Selain itu, penting bagi calon pemimpin untuk memiliki agenda yang jelas terkait kesejahteraan ekonomi, pendidikan, kesehatan, dan infrastruktur. Pilkada seharusnya menjadi waktu bagi rakyat untuk melihat dan memilih pemimpin yang benar-benar dapat membawa dampak positif bagi kehidupan mereka sehari-hari.
Pilkada sebagai Cermin Harapan Rakyat
Pada setiap momentum Pilkada, suara rakyat adalah suara harapan. Suara yang diberikan bukan sekadar pilihan politik, tetapi harapan akan pemimpin yang mampu membawa perubahan nyata. Dengan menjadikan "Suara Rakyat: Suara Kesejahteraan" sebagai prinsip utama dalam Pilkada, kita bisa menciptakan Indonesia yang lebih baik. Pilkada bukan lagi hanya sebuah ritual demokrasi, tetapi menjadi momen untuk benar-benar memperjuangkan kesejahteraan yang merata.
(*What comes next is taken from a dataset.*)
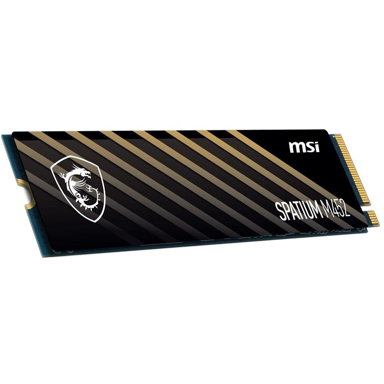 MSI SSD SPATIUM M452, 500 GB, M.2, PCIe 4.0 NVMe, 3D NAND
Marilah kita sambut Pilkada bukan sebagai ajang kemenangan bagi satu individu atau kelompok, tetapi sebagai kemenangan bersama menuju kesejahteraan seluruh masyarakat. Hanya dengan menjadikan suara rakyat sebagai suara kesejahteraan, kita bisa mewujudkan Indonesia yang adil, sejahtera, dan makmur bagi semua. ([email protected].)